We add the new information in the Case Presentation part of the revised manuscript.
Point 3:The discussion is too long an repeats previous content, and also goes too far into other details.
Response 3: Thank you for the insightful comment. We have improved the Discussion as you suggested in the revised manuscript. The duplicate sections were removed and some new literature and case reports were added.

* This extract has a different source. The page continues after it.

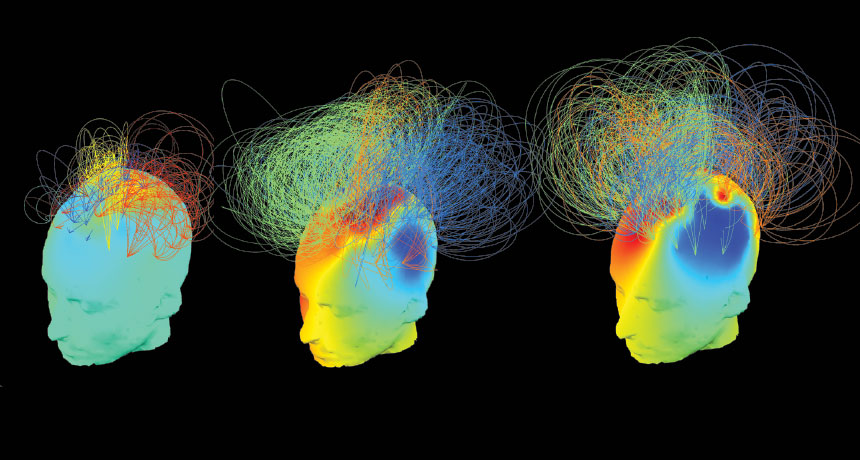 brain neworks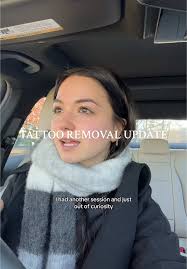 Alyssa Tattoo Removal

Author Response File: Author Response.docx
Round 2
Reviewer 1 Report
no other comments
Author Response
Dear Editor,
Thank you for your hard work. We have studied the valuable comments from you and the reviewers carefully. We tried our best to revise the manuscript. We added immunohistochemistry high-resolution images of the tumor cells. We have revised the discussion section. We also have carefully corrected English language and style mistakes.

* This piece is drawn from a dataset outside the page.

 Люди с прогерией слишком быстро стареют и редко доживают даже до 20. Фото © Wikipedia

Point 1: no other comments
Author Response File: Author Response.docx
Reviewer 2 Report
Accept
Author Response
Dear Editor,
Thank you for your hard work. We have studied the valuable comments from you and the reviewers carefully. We tried our best to revise the manuscript. We added immunohistochemistry high-resolution images of the tumor cells. We have revised the discussion section. We also have carefully corrected English language and style mistakes.